Organizers: Devis Bianchini (Università di Brescia), Valeria De Antonellis (Università di Brescia), Roberto De Virgilio (Università Roma Tre)
The joint application of data management and Semantic Web competencies, through the design of new models, languages and tools, has turned out to be very useful to enable the use of the Web as a huge, interlinked, dynamic repository of linked resources. The contributions and discussions born and developed during four previous editions of the “Linked Web Data Management” (LWDM) workshop allowed to meet our goal of introducing a data management perspective within the Linked Data world, previously focused on publishing, retrieving, querying, browsing and mashing- up the ever growing amount of linked data in a meaningful way. The maturity gained by the workshop also enabled to introduce in every edition new issues related with the main topics. The fourth edition has been characterized by fruitful contributions on the combination of knowledge coming from data management, Semantic Web and Linked Data fields in order to better exploit the Web 2.0 potential, where people and applications discover new linked information in an un- expected way, according to an explorative perspective, moving through linked sources of knowledge. This enabled the study of Linked Data issues within a social perspective of the Web, where also the relationships between users might play a crucial role in finding the right resources in an efficient way. Recently, the scientific community raised the need of facing the quantity and the heterogeneity of data made available on the Web, also managing with the rapidity which such data are distributed with (Big Data issues). These problems also feature the Linked Data world to access and explore linked resources, thus requiring innovative application of data management tools.
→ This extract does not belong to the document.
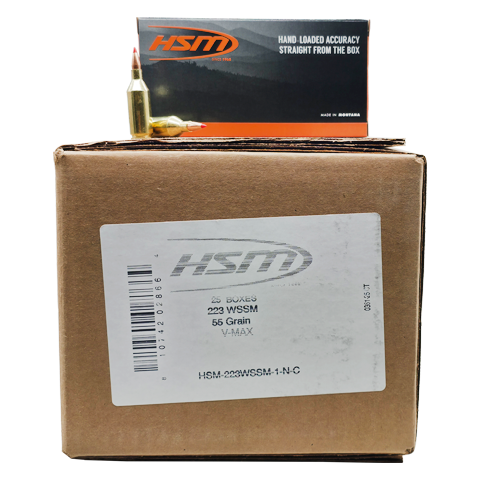 223 WSSM - HSM 55 Grain V-MAX - 500 Rounds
Research efforts of the Semantic Web community are being devoted to investigate the relationships between Big Data, Linked Data and data-intensive applications
Organizers: Traian Marius Truta, (Northern Kentucky University), Li Xiong, Emory University), Farshad Fotouhi, (Wayne State University)
Organizations collect vast amounts of information on individuals, and at the same time they have access to ever-increasing levels of computational power. Although this conjunction of information and power provides great benefits to society, it also threatens individual privacy. As a result legislators for many countries try to regulate the use and the disclosure of confidential information. Various privacy regulations (such as USA Health Insurance Portability and Accountability Act, Canadian Standard Association’s Model Code for the Protection of Personal Information, Australian Privacy Amendment Act, etc.) have been enacted in many countries all over the world. Data privacy and protecting individuals’ anonymity have become a mainstream avenue for research. While privacy is a topic discussed everywhere, data anonymity recently established itself as an emerging area of computer science. Its goal is to produce useful computational solutions for releasing data, while providing scientific guarantees that the identities and other sensitive information of the individuals who are the subjects of the data are protected.
The proposed workshop aims to provide an open yet focused platform for researchers and practitioners from computer science and other fields that are interacting with computer science in the privacy area such as statistics, healthcare informatics, and law to discuss and present current research challenges and advances in data privacy and anonymity research. We welcome original research papers that present novel research ideas, position papers that discuss new technology trends and provide new insights into this area, integrative papers that present interdisciplinary research in the privacy area, as well as industry papers that share practical experiences.